Instructions to follow -
Everything from the line holding "England head coach" through the final line of the records is to be transcribed exactly, except pictures, and nothing beyond that.

Content starts

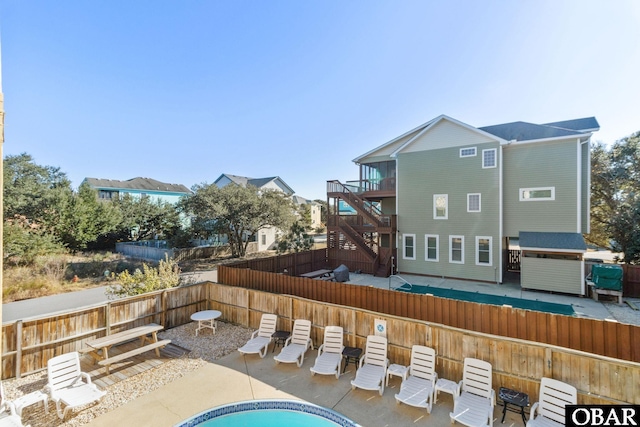 rear view of house featuring stairs, a patio area, a fenced backyard, and a fenced in pool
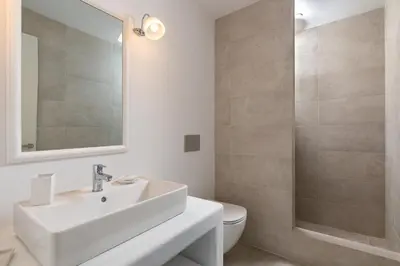 a white bathroom with a sink and a shower at Stegna Akti Luxury Suites in Archangelos
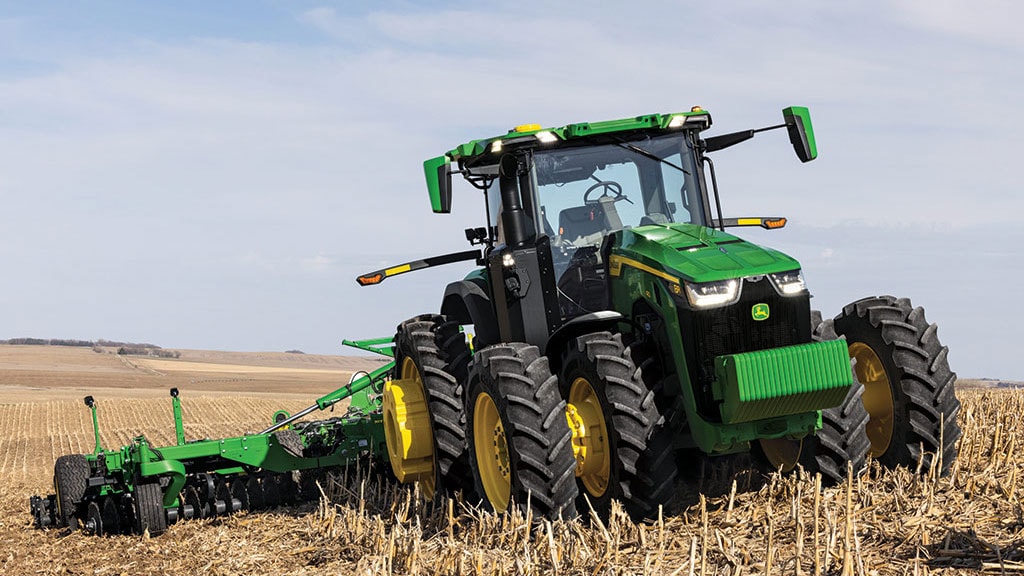 Autonomous Tractor doing tillage in a field of corn stubble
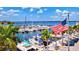 Beautiful marina with numerous boats and an American flag waving at 3601 E Bay Dr # 203, Holmes Beach, FL 34217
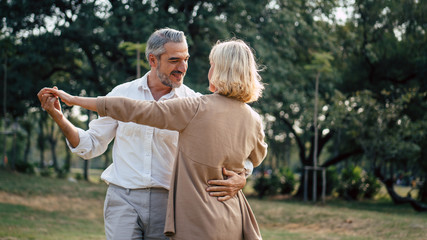Senior elegant caucasian couple dancing looking at each other feeling love and cherish on their...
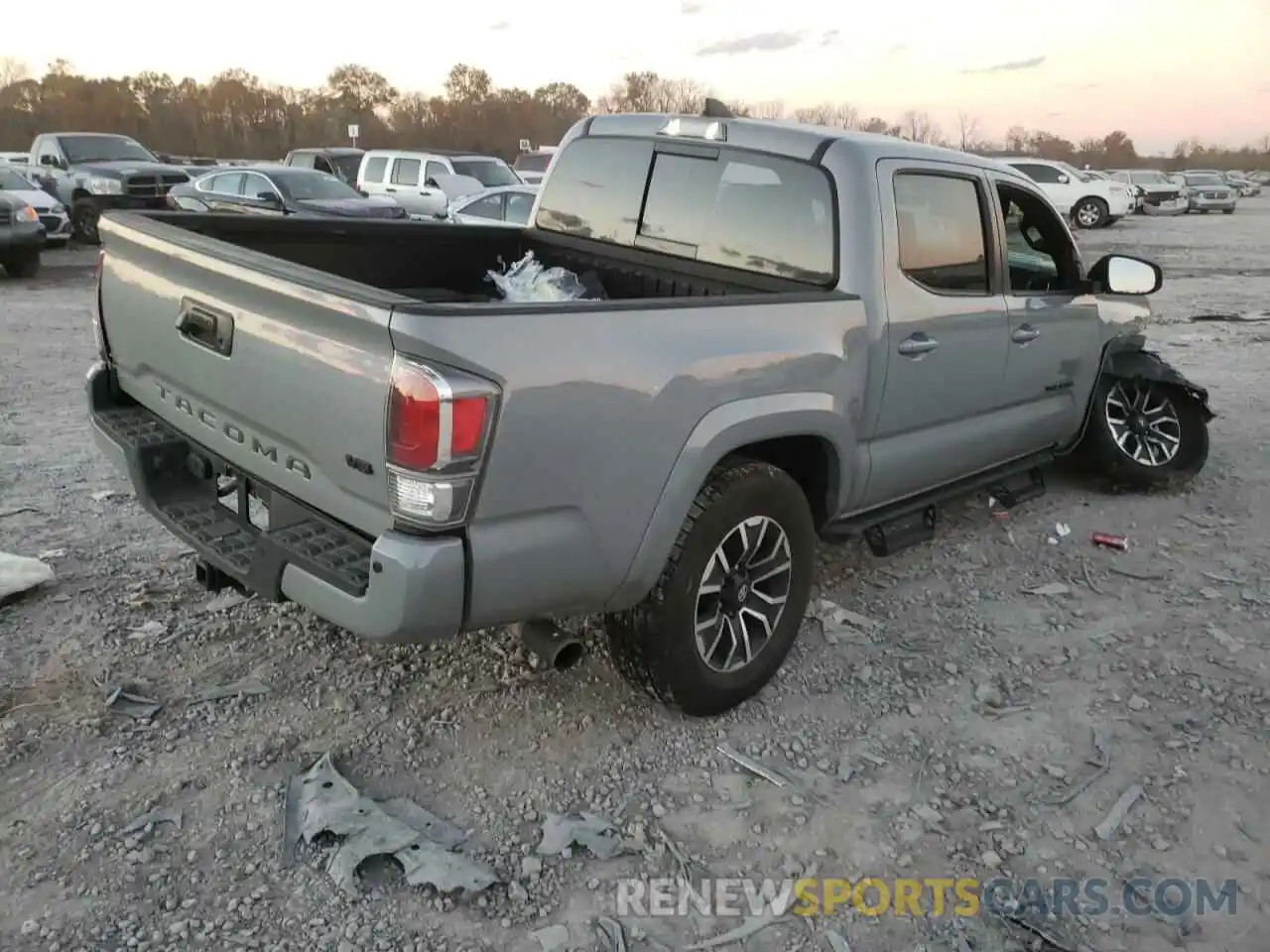 4 Photograph of a damaged car 5TFAZ5CN4MX106656 TOYOTA TACOMA 2021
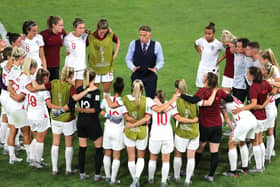 England head coach Phil Neville (centre) talks to the players after the final whistle during the FIFA Women's World Cup Semi Final. Picture: Richard Sellers/PA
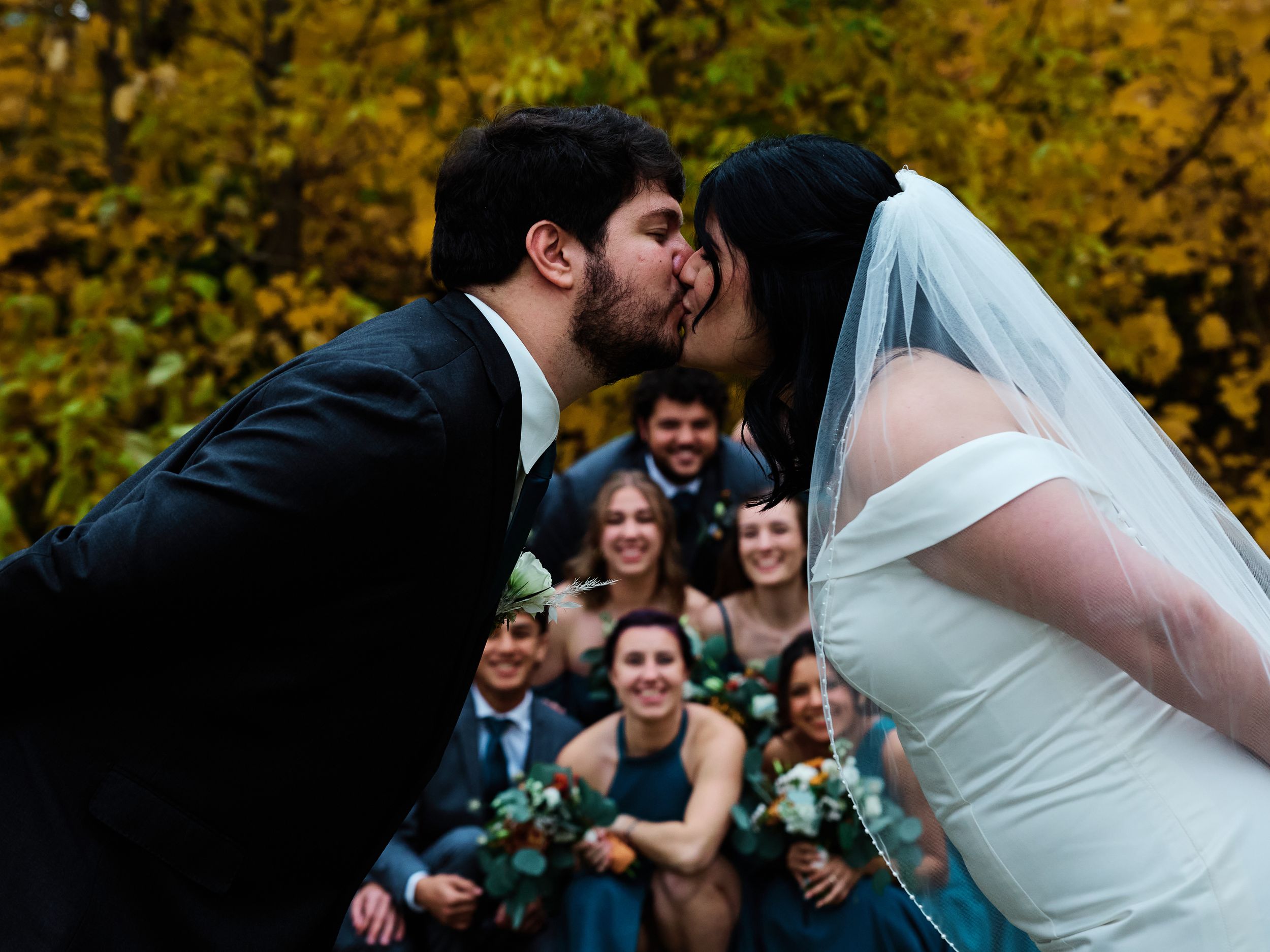 A romantic outdoor wedding scene with a couple embracing while guests smile and celebrate in the autumn foliage.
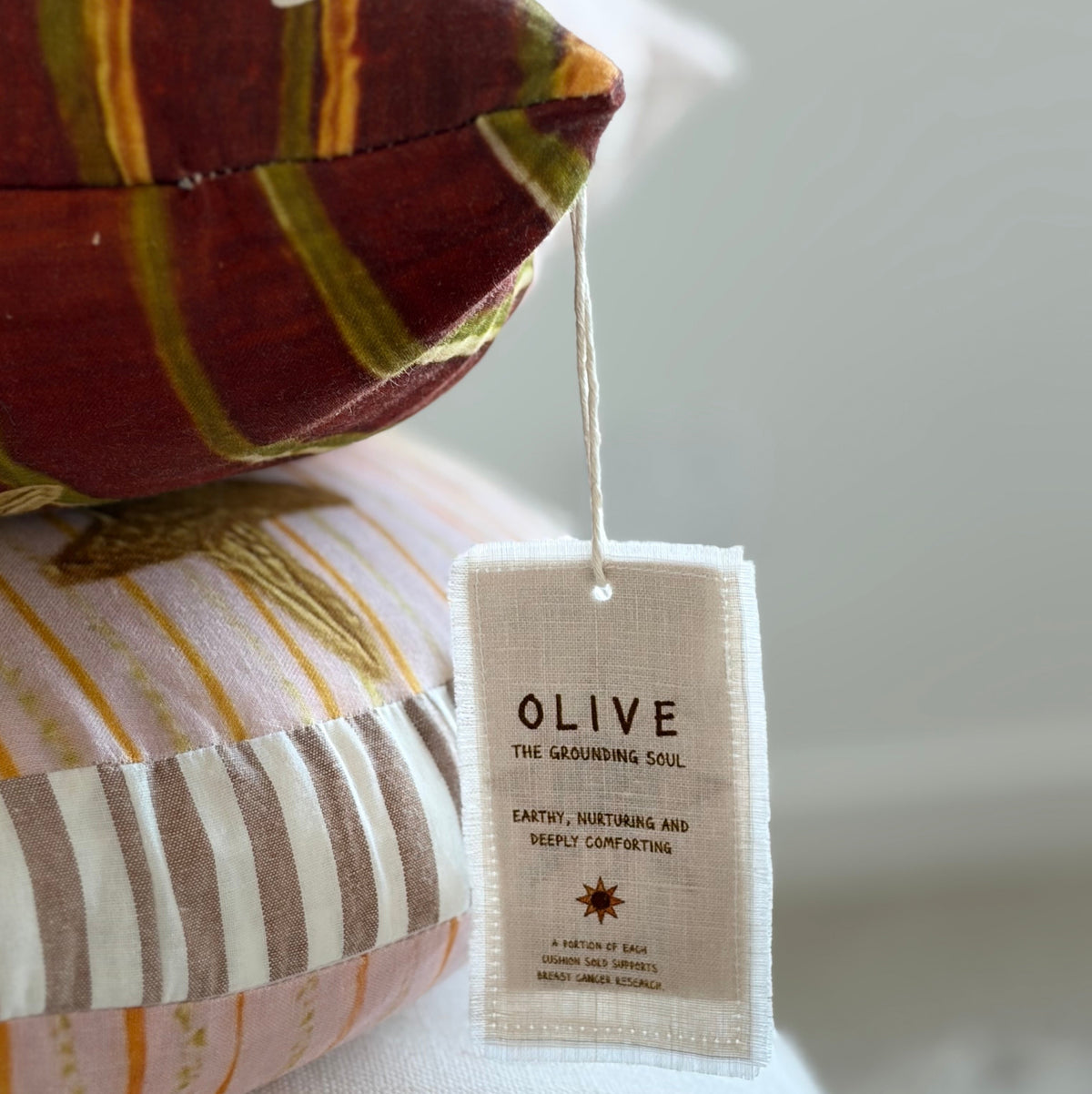 A close-up of a striped decorative pillow with a hanging fabric tag that reads 'OLIVE THE GROUNDING SOUL' and 'EARTH, SUSTAINABLE AND DELICIOUSLY COMFORTING.'.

Content ends

Written answer -
 England head coach Phil Neville (centre) talks to the players after the final whistle during the FIFA Women's World Cup Semi Final. Picture: Richard Sellers/PA
 A romantic outdoor wedding scene with a couple embracing while guests smile and celebrate in the autumn foliage.
 A close-up of a striped decorative pillow with a hanging fabric tag that reads 'OLIVE THE GROUNDING SOUL' and 'EARTH, SUSTAINABLE AND DELICIOUSLY COMFORTING.'.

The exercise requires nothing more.